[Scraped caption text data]
++++
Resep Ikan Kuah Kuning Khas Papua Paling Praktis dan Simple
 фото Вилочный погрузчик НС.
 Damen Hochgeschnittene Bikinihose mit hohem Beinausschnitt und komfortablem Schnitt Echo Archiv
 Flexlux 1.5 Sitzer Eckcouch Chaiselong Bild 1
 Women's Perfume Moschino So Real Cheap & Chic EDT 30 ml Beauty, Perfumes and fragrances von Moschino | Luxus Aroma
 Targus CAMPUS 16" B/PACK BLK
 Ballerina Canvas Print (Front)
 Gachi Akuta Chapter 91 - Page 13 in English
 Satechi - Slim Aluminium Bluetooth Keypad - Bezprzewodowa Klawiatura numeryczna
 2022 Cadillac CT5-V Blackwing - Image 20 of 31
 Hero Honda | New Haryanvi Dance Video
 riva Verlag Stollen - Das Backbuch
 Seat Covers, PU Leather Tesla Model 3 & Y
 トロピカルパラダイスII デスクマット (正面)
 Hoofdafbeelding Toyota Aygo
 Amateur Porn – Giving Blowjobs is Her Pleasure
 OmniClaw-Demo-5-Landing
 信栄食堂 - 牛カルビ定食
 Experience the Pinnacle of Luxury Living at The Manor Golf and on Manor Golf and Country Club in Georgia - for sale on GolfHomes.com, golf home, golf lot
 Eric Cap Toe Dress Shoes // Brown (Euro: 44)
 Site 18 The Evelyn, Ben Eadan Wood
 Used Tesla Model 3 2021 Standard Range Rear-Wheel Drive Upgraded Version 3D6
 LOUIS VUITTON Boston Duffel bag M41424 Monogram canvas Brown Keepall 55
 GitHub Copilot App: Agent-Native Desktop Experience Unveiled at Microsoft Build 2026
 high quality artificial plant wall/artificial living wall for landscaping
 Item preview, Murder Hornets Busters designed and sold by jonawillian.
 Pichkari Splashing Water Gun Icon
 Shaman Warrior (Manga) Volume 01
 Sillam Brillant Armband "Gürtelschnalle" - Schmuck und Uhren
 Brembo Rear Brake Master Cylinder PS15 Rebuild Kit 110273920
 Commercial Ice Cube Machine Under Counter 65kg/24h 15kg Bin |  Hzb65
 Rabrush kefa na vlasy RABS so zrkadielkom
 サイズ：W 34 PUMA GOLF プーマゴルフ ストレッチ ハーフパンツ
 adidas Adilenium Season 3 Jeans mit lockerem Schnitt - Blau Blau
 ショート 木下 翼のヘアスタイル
++++
Problem:
Pull every line containing "Tesla" out of the entries.

Result for this exercise:
 Seat Covers, PU Leather Tesla Model 3 & Y
 Used Tesla Model 3 2021 Standard Range Rear-Wheel Drive Upgraded Version 3D6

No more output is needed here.